ASSIGNMENT:
From the line with "Used 2019 Jeep" through the line with "El equipo del", inclusive, return each line of the data below exactly and leave the rest out.

RECORD EXTRACTS:
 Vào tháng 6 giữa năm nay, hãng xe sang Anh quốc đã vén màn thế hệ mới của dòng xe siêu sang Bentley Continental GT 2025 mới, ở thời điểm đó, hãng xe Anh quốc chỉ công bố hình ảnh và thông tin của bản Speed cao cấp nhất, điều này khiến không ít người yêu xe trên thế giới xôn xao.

...

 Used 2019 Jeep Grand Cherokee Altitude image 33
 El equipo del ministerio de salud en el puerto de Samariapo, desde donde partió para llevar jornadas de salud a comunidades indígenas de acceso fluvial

==

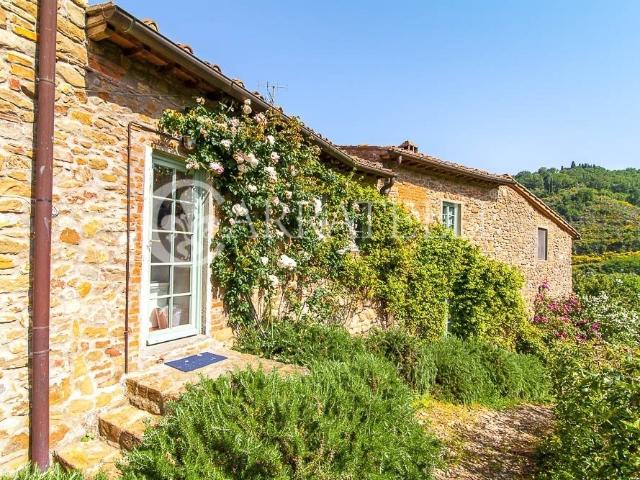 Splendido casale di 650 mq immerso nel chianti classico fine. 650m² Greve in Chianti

OUTPUT FOR THIS EXERCISE:
 Used 2019 Jeep Grand Cherokee Altitude image 33
 El equipo del ministerio de salud en el puerto de Samariapo, desde donde partió para llevar jornadas de salud a comunidades indígenas de acceso fluvial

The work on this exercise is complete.